O significado etimológico da palavra “racismo” é o próprio significado biológico, é “uma teoria de exclusão necessária das raças diferentes, portanto inferiores, porque diferentes da “raça” do racista”[17].

Este autor recomenda que esta palavra, não seja utilizada quando se trata de outras circunstâncias diferentes de “raça”.

Sustentada por esta breve resenha etimológica sobre o termo “bairrismo” e “racismo”, e partilhando da mesma preocupação de Albert Memmi, tentarei ao longo do trabalho, deixar esta questão o mais evidente possível, mas tendo em conta, que poderão existir situações pontuais, em que estes dois termos (“bairrismo”/”racismo”) se aproximem, emergentes da própria História de Cabo Verde.

Num primeiro ponto, procurei fundamentar conceitos que melhor suportam o tema. Assim, o conceito teórico de identidade, é prioritário, pois suportará o enquadramento sociológico e psico-social do processo da formação da identidade nacional cabo-verdiana, particularmente de Santiago e de São Vicente, esperando obter, deste modo, fontes de diferenciação entre estas duas regiões, que pretendemos igualmente demonstrar empiricamente em páginas posteriores, como formas de validação do nosso problema.

Também será pertinente, analisar o conceito da região.

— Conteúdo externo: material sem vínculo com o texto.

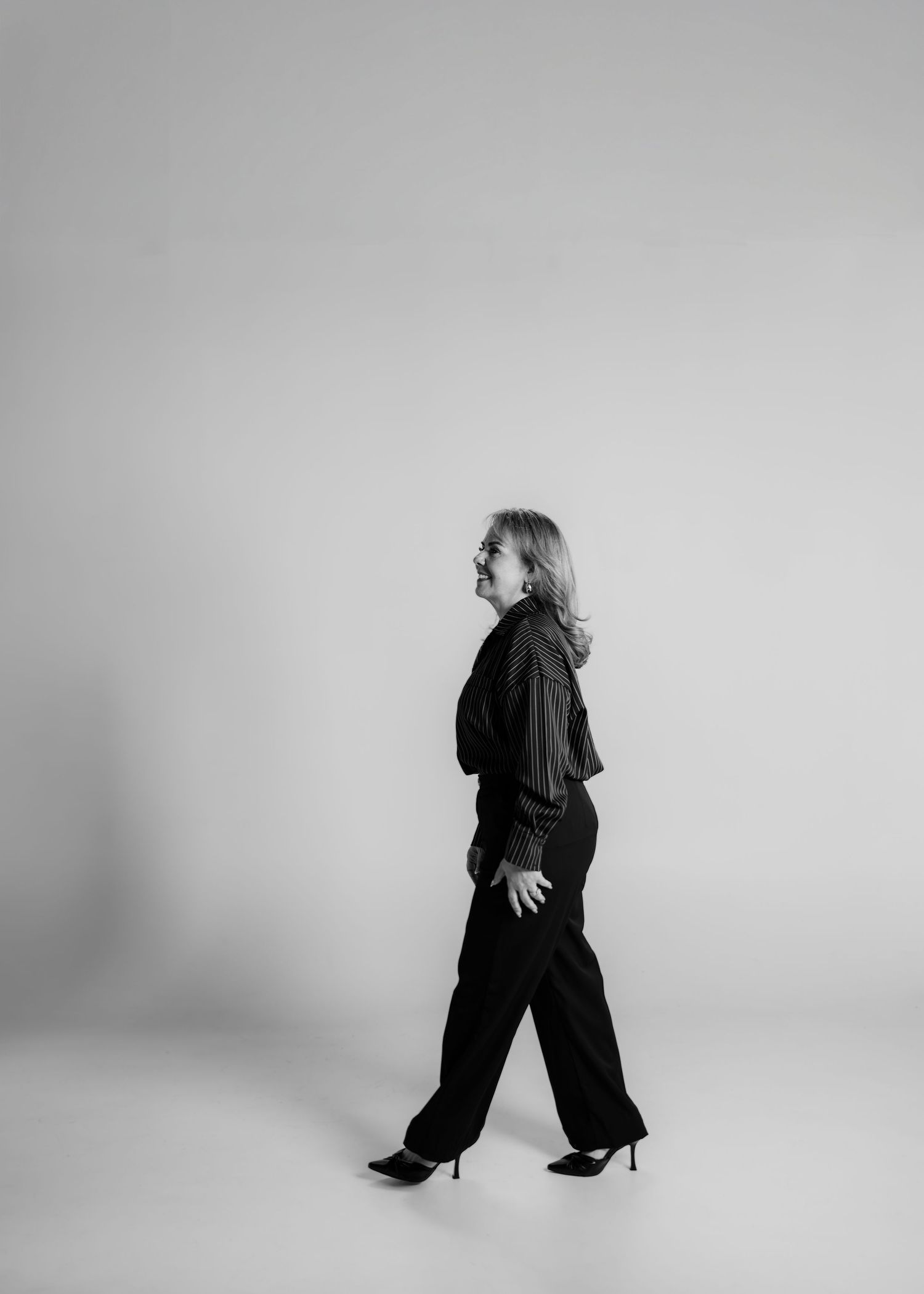 Black and white photo of a blonde woman walking in black wide-leg pants, heels, and a dark blouse against a gray backdrop.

Procurei beneficiar, em breves linhas, a região na sua vertente histórica, por ser um termo relativamente recente no arquipélago de Cabo Verde.

Nas últimas três décadas, a noção e o fenómeno de região e de regionalismo solicitaram uma exaustiva fonte de pesquisa e teoria. Segundo Perry Anderson[18] “se quisermos desenvolver o termo, o ponto principal e necessário parece passar por fazer uma reflexão sobre o termo “região” per si”, com a intenção de contribuir para a abordagem de algumas condições possíveis do moderno fenómeno “regional”.

O termo “região” é antigo em todas as línguas europeias, com uma maioria mundial do latim, o que se tornou tipicamente usual no século XIV, chegando depois a ser utilizado em outros idiomas não-latinos.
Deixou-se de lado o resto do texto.